- **TO DO**: The lines below, from the one holding "1970s design, France." through the one holding "Sac à main Lolita", are to be restated word for word, with all images left out.

┌─ EXTRACTED ENTRIES

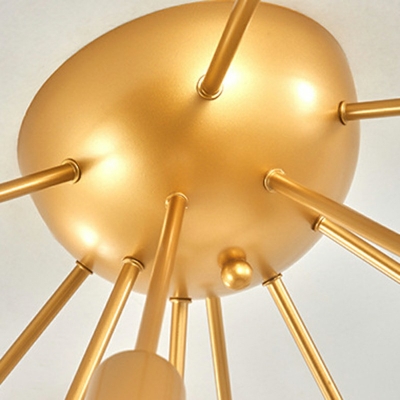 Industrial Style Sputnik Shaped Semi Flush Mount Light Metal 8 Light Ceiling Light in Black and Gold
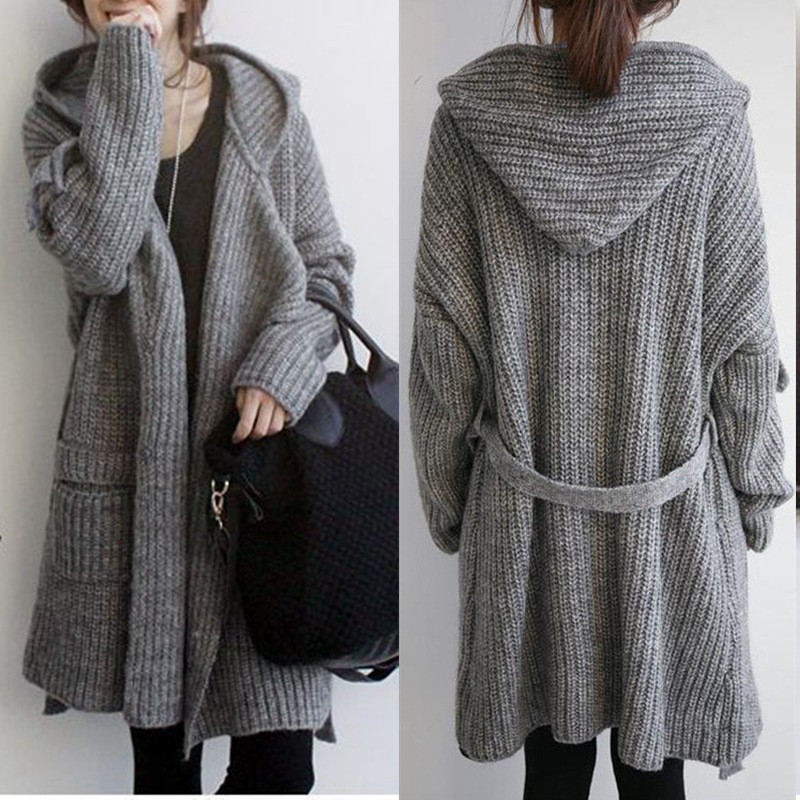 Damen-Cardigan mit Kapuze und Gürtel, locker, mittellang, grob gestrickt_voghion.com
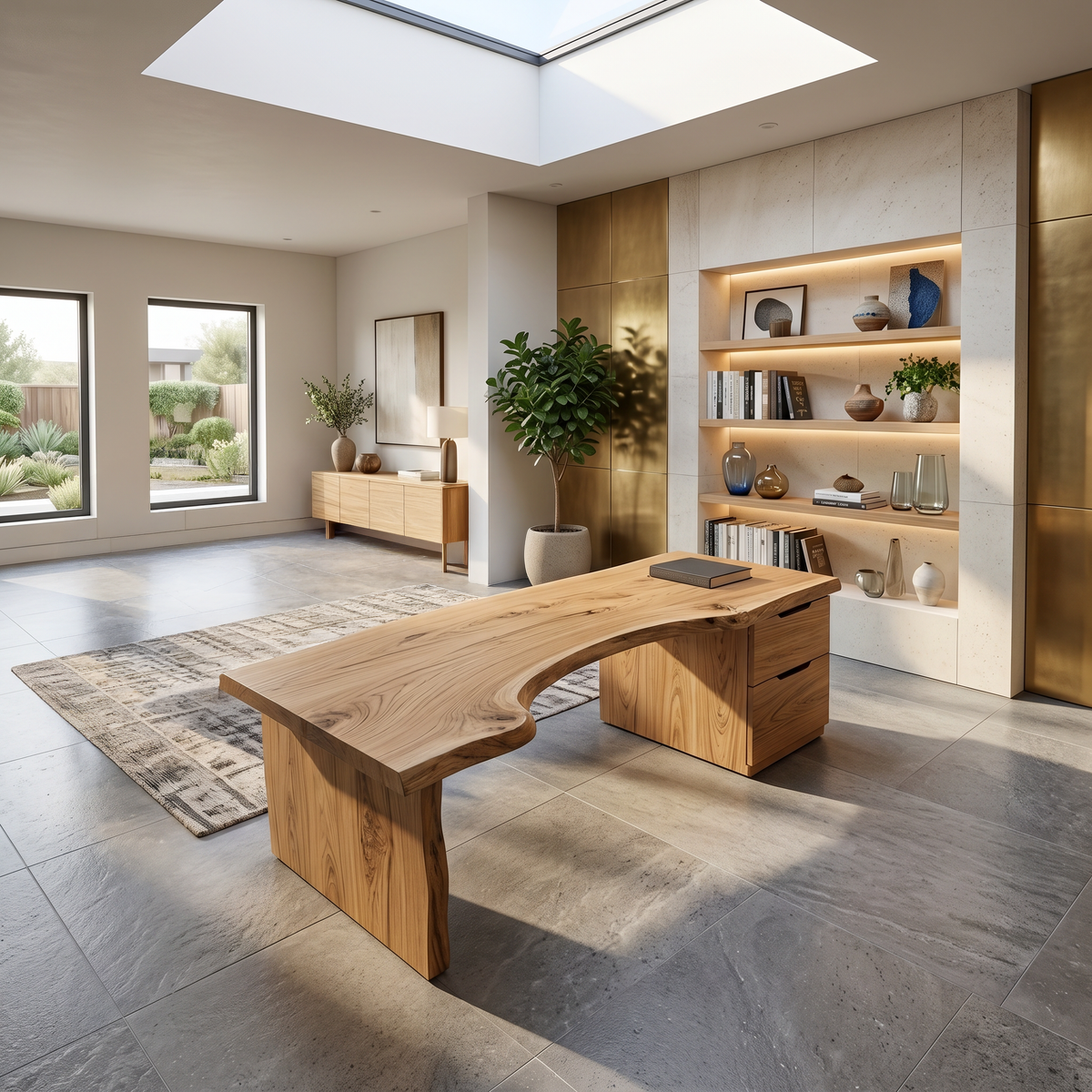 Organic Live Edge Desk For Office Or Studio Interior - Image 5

└─
┌─ EXTRACTED ENTRIES

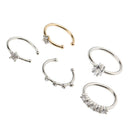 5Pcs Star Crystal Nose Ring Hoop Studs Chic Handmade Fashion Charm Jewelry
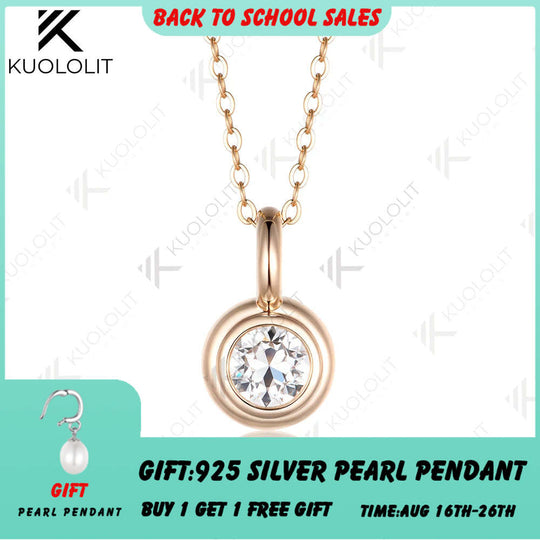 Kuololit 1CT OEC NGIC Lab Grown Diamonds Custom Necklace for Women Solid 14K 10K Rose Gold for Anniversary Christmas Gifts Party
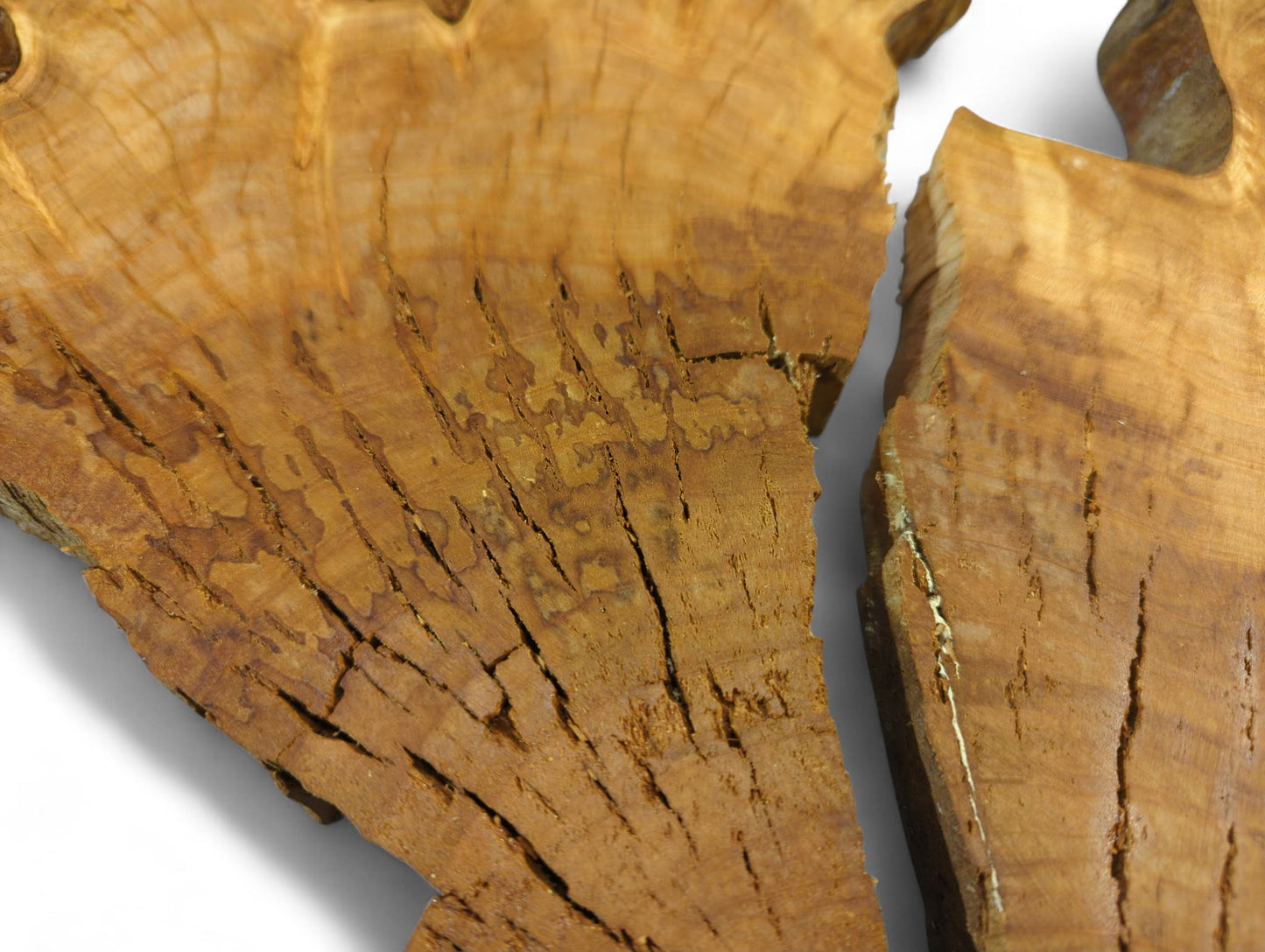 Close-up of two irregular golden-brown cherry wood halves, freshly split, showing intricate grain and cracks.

└─
┌─ EXTRACTED ENTRIES

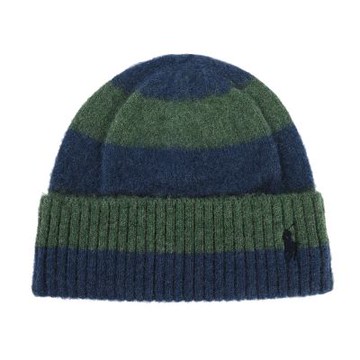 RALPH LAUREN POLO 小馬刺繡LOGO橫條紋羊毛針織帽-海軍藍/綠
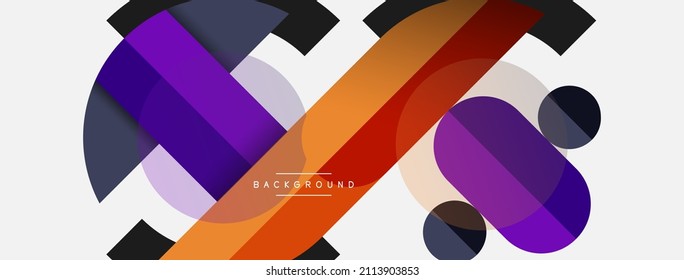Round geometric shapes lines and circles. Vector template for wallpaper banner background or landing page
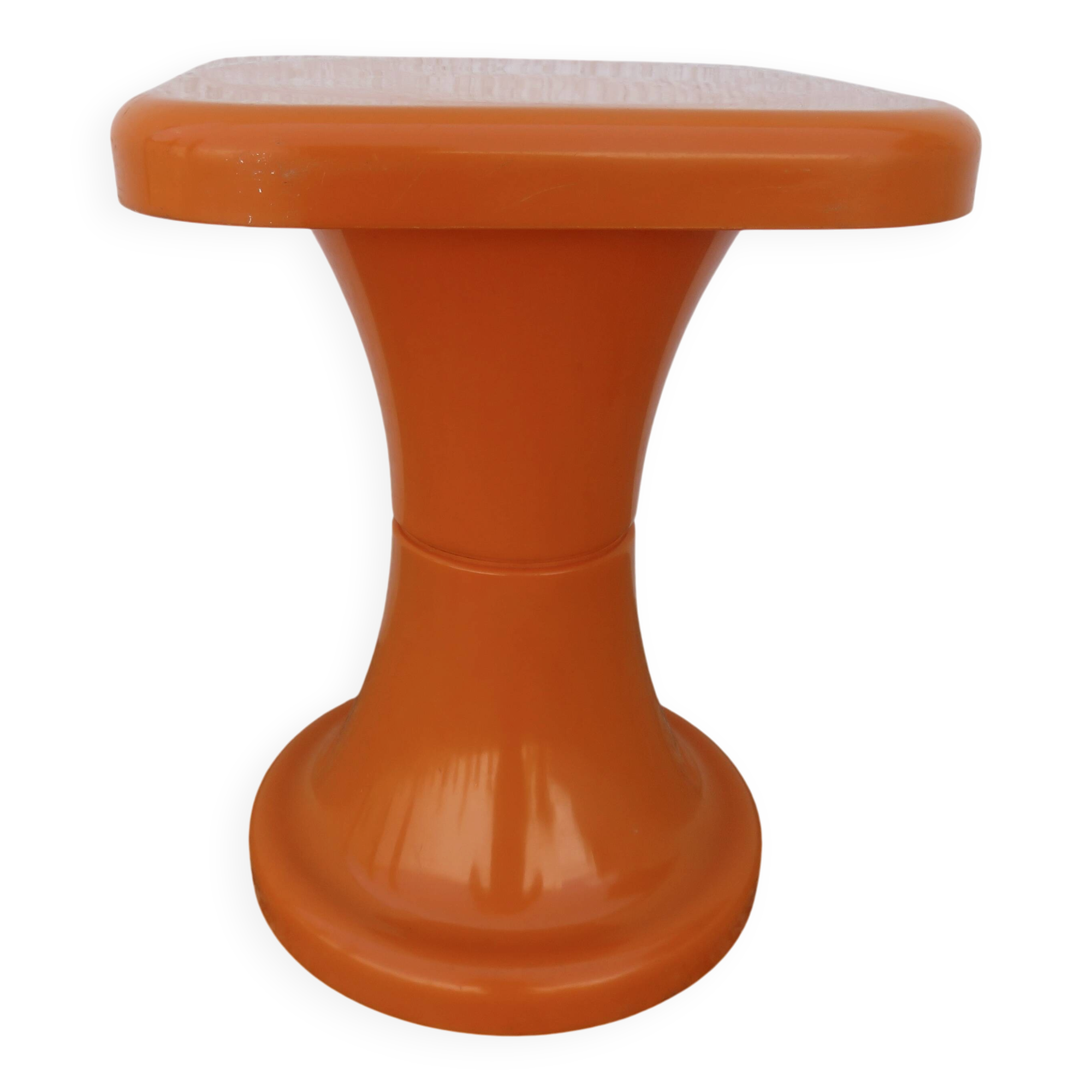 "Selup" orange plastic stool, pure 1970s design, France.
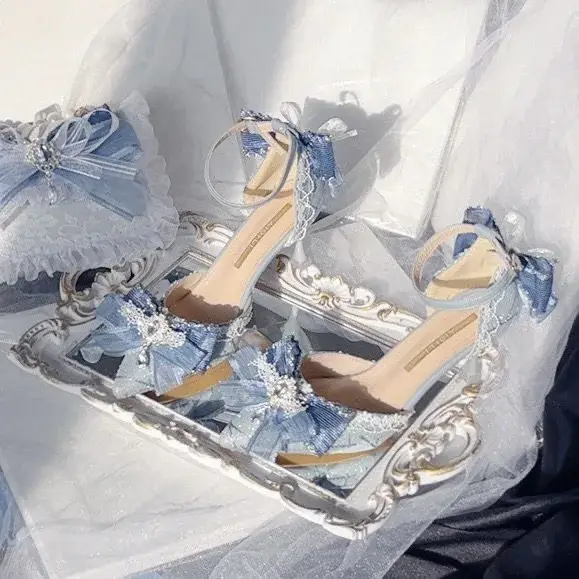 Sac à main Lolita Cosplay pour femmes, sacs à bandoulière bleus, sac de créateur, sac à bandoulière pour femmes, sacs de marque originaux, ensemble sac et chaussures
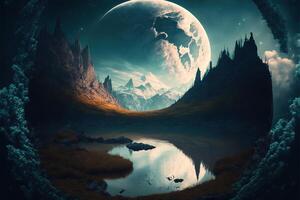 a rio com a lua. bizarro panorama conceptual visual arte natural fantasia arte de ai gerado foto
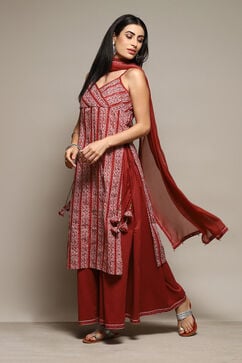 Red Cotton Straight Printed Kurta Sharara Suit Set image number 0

└─

- **RESULT OF THE TASK**:
 "Selup" orange plastic stool, pure 1970s design, France.
 Sac à main Lolita Cosplay pour femmes, sacs à bandoulière bleus, sac de créateur, sac à bandoulière pour femmes, sacs de marque originaux, ensemble sac et chaussures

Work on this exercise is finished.